Additional References for Application Visibility and Control

Related Documents

Related Topic Document Title
System management commands

System Management Command Reference Guide, Cisco IOS XE Release 3SE (Cisco WLC 5700 Series)

Flexible NetFlow configuration

Flexible NetFlow Configuration Guide, Cisco IOS XE Release 3SE (Cisco WLC 5700 Series)

Flexible NetFlow commands

Flexible NetFlow Command Reference, Cisco IOS XE Release 3SE (Cisco WLC 5700 Series)

QoS configuration

QoS Configuration Guide, Cisco IOS XE Release 3E (Cisco WLC 5700 Series)

QoS commands

QoS Command Reference, Cisco IOS XE Release 3E (Cisco WLC 5700 Series)

Standards and RFCs

Standard/RFC Title
None

MIBs

MIB MIBs Link
All supported MIBs for this release.

To locate and download MIBs for selected platforms, Cisco IOS releases, and feature sets, use Cisco MIB Locator found at the following URL:

http://www.cisco.com/go/mibs

Technical Assistance

Description Link

The Cisco Support website provides extensive online resources, including documentation and tools for troubleshooting and resolving technical issues with Cisco products and technologies.

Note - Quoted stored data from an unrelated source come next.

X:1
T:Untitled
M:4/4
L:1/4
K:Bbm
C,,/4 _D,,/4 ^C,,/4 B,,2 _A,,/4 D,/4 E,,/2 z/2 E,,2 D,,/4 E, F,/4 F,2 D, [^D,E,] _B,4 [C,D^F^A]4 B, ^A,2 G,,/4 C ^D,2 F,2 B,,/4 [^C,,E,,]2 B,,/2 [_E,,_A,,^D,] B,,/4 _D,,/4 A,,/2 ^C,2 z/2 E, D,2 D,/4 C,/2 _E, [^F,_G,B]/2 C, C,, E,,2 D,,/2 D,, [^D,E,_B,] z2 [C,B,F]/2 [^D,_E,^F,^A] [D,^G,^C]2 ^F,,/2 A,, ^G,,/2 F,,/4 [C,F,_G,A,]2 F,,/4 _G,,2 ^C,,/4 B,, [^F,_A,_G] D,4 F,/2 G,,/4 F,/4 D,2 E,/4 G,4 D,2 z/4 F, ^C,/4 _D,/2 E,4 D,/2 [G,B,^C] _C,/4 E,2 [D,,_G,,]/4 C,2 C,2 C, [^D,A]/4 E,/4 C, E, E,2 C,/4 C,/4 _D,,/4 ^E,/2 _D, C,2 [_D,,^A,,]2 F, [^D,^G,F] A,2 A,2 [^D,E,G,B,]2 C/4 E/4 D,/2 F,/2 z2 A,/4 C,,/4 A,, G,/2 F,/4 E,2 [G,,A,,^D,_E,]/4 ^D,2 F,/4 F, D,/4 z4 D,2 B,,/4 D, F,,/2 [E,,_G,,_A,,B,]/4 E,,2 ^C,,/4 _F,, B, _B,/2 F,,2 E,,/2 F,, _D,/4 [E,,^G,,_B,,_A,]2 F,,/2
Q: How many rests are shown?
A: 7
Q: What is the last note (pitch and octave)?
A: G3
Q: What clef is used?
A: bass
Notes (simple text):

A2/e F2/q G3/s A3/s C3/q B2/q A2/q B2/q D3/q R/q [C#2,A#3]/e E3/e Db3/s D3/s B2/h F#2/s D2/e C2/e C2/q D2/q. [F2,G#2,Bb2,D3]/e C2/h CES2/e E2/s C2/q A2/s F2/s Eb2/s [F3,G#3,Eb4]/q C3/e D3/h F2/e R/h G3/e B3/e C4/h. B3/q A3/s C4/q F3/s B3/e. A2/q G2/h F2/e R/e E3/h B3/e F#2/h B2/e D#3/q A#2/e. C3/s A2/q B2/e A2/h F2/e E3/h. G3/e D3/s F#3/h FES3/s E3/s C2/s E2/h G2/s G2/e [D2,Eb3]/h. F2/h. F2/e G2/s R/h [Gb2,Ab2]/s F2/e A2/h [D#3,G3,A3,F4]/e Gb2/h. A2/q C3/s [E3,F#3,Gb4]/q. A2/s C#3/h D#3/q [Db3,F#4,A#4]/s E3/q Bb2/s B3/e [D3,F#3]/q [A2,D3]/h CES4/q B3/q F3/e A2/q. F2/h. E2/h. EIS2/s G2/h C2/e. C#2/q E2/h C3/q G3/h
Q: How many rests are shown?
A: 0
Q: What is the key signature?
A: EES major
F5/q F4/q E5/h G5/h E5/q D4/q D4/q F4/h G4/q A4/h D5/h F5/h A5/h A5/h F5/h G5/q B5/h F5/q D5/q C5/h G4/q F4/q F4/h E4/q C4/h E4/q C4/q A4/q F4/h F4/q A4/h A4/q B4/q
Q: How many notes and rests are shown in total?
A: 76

To receive security and technical information about your products, you can subscribe to various services, such as the Product Alert Tool (accessed from Field Notices), the Cisco Technical Services Newsletter, and Really Simple Syndication (RSS) Feeds.

Access to most tools on the Cisco Support website requires a Cisco.com user ID and password.

http://www.cisco.com/support

Feature History and Information For Application Visibility and Control

Release Feature Information
Cisco IOS XE 3.3SE This feature was introduced.

Cisco IOS XE 3E

AVC control with QoS was introduced.